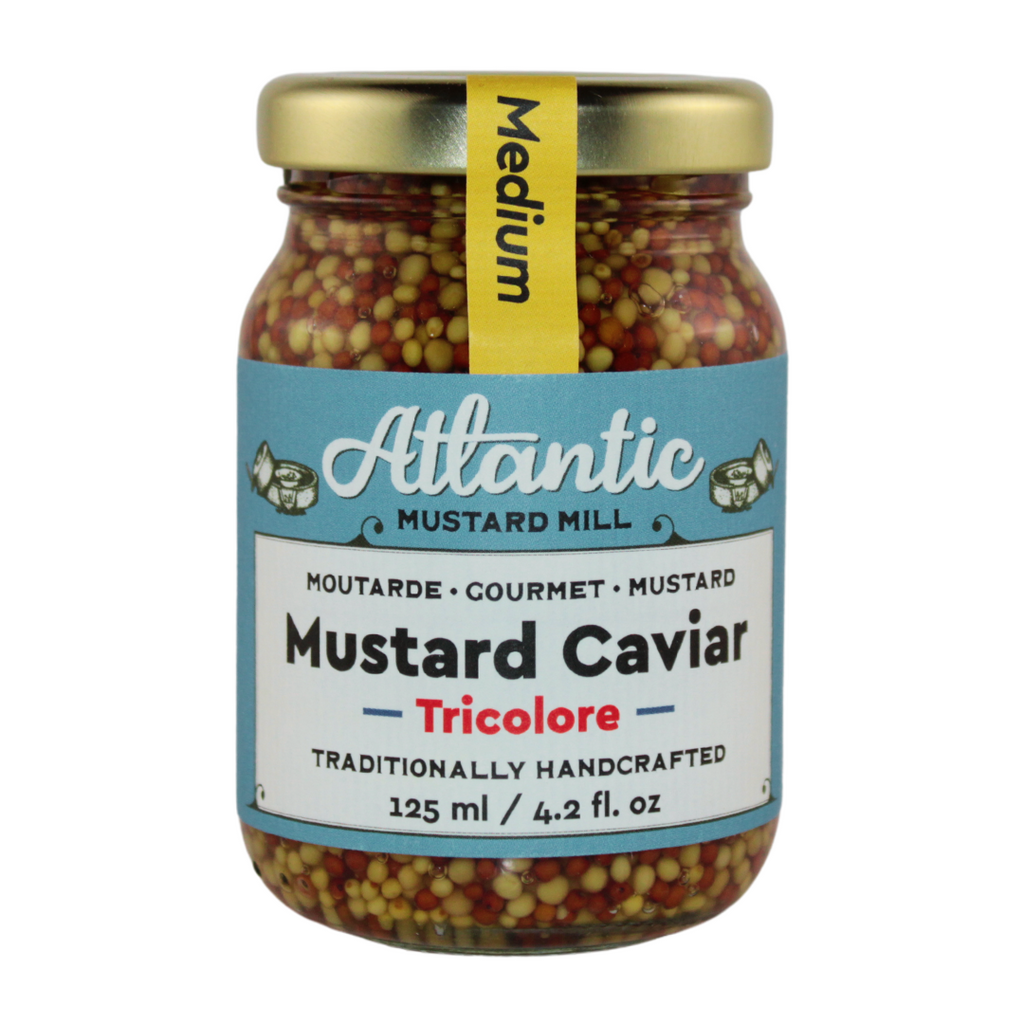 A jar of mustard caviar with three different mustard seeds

----

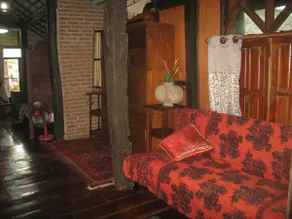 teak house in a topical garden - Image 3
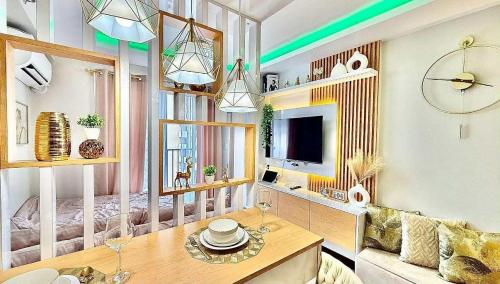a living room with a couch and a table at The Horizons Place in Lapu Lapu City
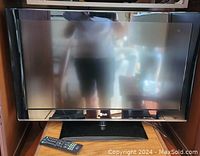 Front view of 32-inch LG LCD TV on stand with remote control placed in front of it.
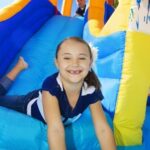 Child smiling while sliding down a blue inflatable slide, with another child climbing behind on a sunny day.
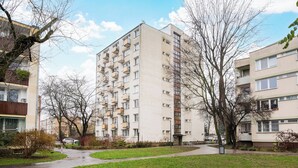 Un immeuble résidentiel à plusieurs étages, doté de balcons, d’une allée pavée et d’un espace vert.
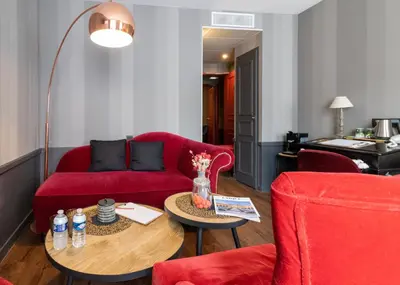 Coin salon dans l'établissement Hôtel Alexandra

----

Exercise prompt
Output exactly the lines of the listing above that start with the one holding "a living room" and go on through the one holding "Coin salon dans"; leave the pictures out.

Task solution
a living room with a couch and a table at The Horizons Place in Lapu Lapu City
 Front view of 32-inch LG LCD TV on stand with remote control placed in front of it.
 Child smiling while sliding down a blue inflatable slide, with another child climbing behind on a sunny day.
 Un immeuble résidentiel à plusieurs étages, doté de balcons, d’une allée pavée et d’un espace vert.
 Coin salon dans l'établissement Hôtel Alexandra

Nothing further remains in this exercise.